Je ne cherche pas à établir une liaison de cause à effet entre l’atrocité et le désastre, je suis au-dessus de cette faiblesse. Mais je rends compte d’une chaîne de faits, – et je ne veux pas négliger un seul anneau. Le jour qui suivit l’incendie, je visitai les ruines. Les murailles étaient tombées, une seule exceptée ; et cette seule exception se trouva être une cloison intérieure, peu épaisse, située à peu près au milieu de la maison, et contre laquelle s’appuyait le chevet de mon lit. La maçonnerie avait ici, en grande partie, résisté à l’action du feu, – fait que j’attribuai à ce qu’elle avait été récemment remise à neuf. Autour de ce mur, une foule épaisse était rassemblée, et plusieurs personnes paraissaient en examiner une portion particulière avec une minutieuse et vive attention. Les mots : Étrange ! singulier ! et autres semblables expressions, excitèrent ma curiosité. Je m’approchai, et je vis, semblable à un bas-relief sculpté sur la surface blanche, la figure d’un gigantesque chat. L’image était rendue avec une exactitude vraiment merveilleuse. Il y avait une corde autour du cou de l’animal.

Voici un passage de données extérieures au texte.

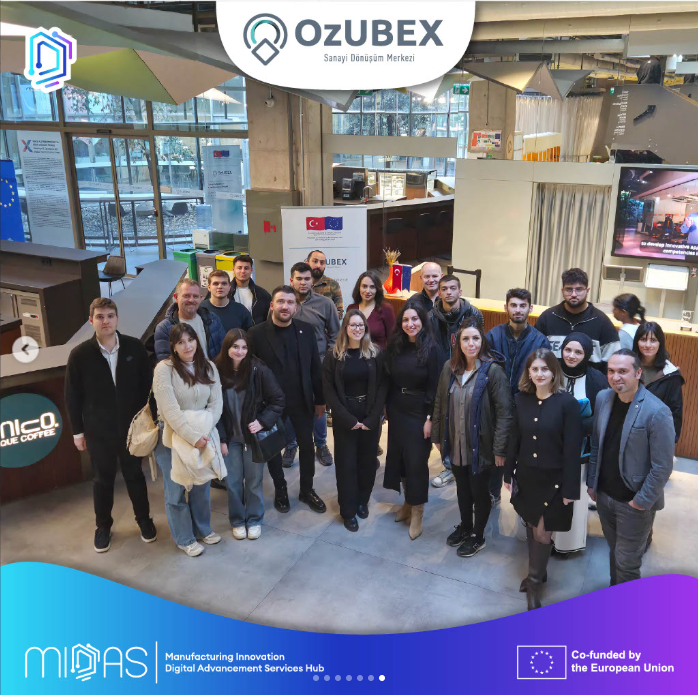 We are pleased to continue our training program with companies of Keşan Chamber of Commerce and Industry and the academics and students of İpsala Vocational School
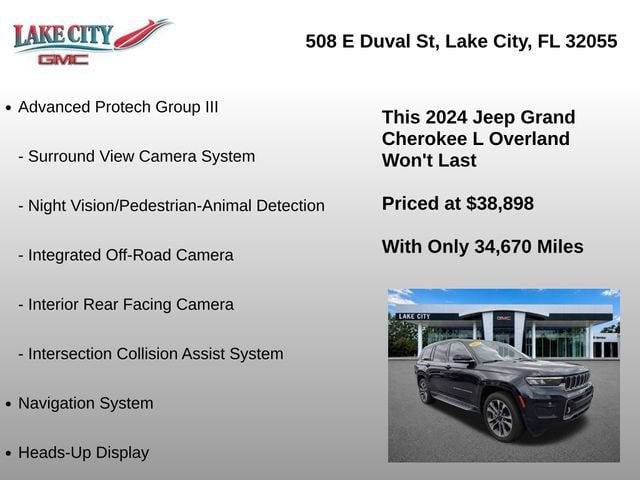 2024 Jeep Grand Cherokee L Overland - Photo 22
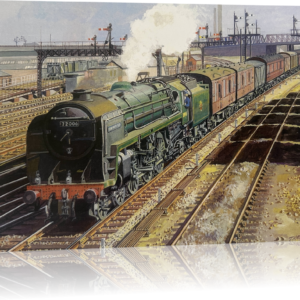 BR 72006 'Clan Mackenzie' Wortley Junction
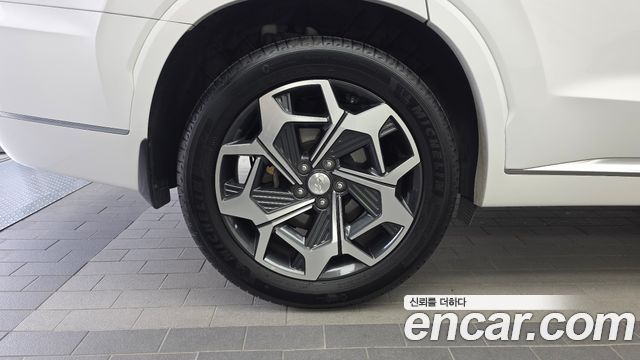 Hyundai Palisade из Кореи Encar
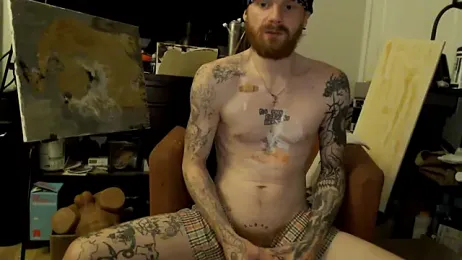 Magnetic127 webcam model stream image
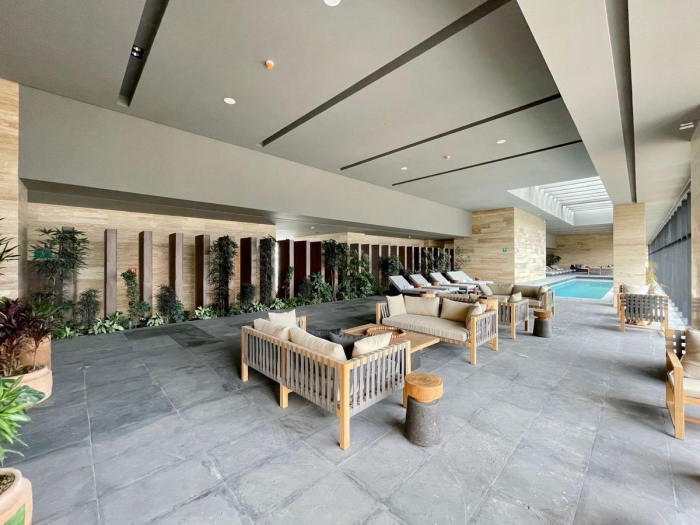 departamento amueblado de lujo a la venta en residencial manigua
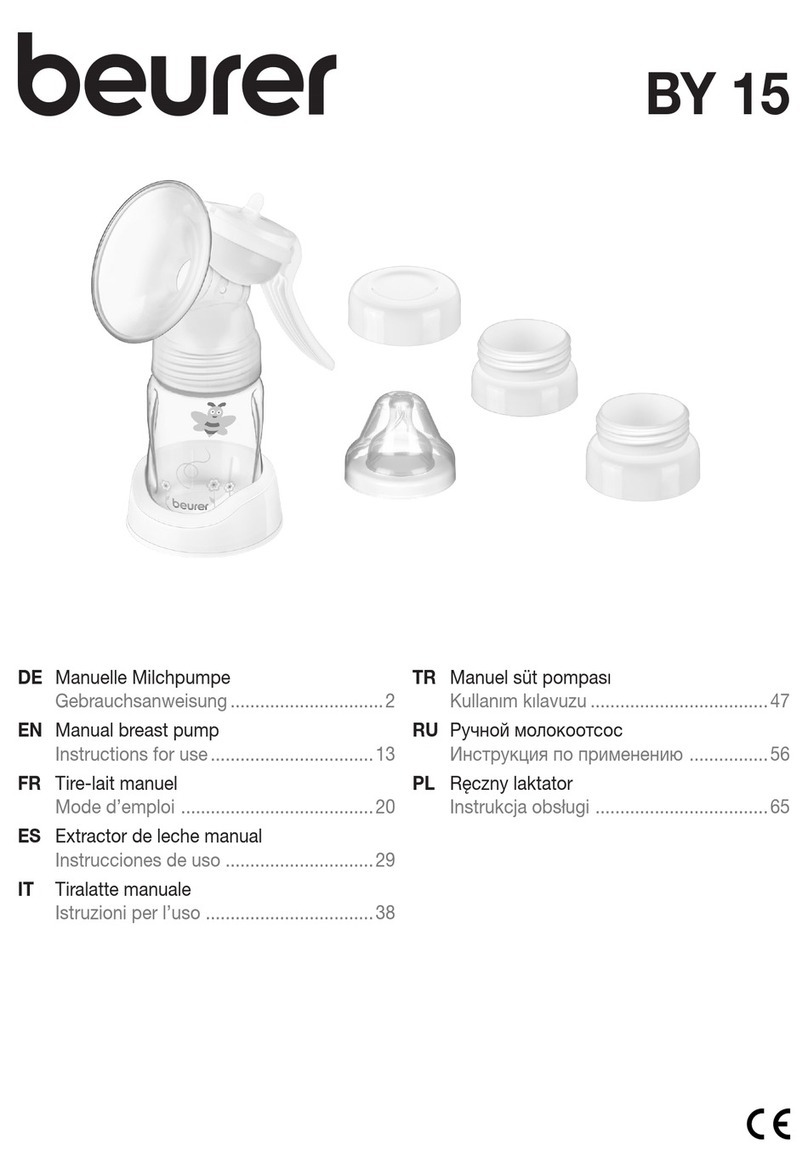 Beurer BY 15 Instructions for use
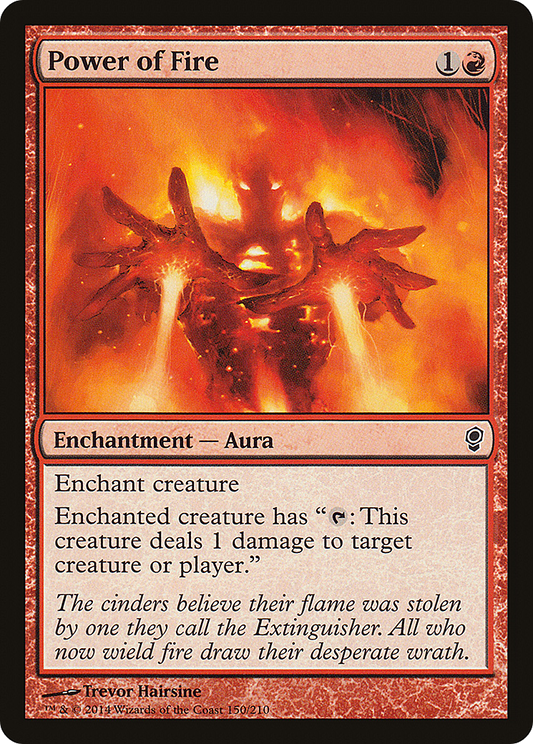 Power of Fire (CNS-150) (Foil)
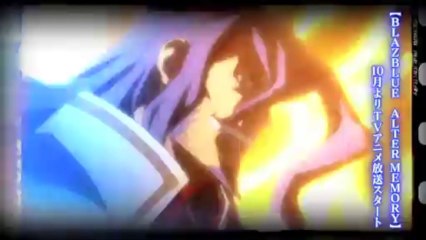 BlazBlue Alter Memory PV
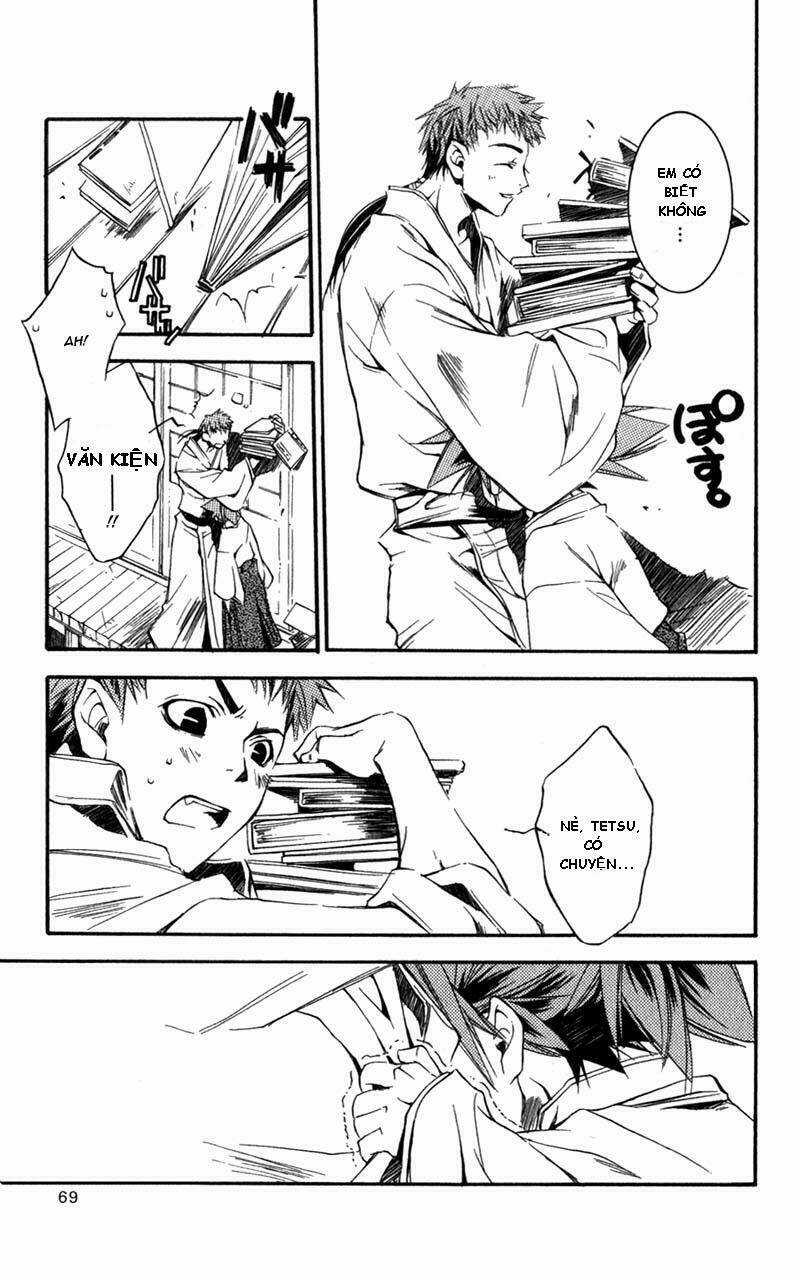 Peace Maker Kurogane - Chapter 6 - Trang 28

Tout d’abord, en voyant cette apparition, – car je ne pouvais guère considérer cela que comme une apparition, – mon étonnement et ma terreur furent extrêmes. Mais, enfin, la réflexion vint à mon aide. Le chat, je m’en souvenais, avait été pendu dans un jardin adjacent à la maison. Aux cris d’alarme, ce jardin avait été immédiatement envahi par la foule, et l’animal avait dû être détaché de l’arbre par quelqu’un, et jeté dans ma chambre à travers une fenêtre ouverte. Cela avait été fait, sans doute, dans le but de m’arracher au sommeil. La chute des autres murailles avait comprimé la victime de ma cruauté dans la substance du plâtre fraîchement étendu ; la chaux de ce mur, combinée avec les flammes et l’ammoniaque du cadavre, avait ainsi opéré l’image telle que je la voyais.

Quoique je satisfisse ainsi lestement ma raison, sinon tout à fait ma conscience, relativement au fait surprenant que je viens de raconter, il n’en fit pas moins sur mon imagination une impression profonde.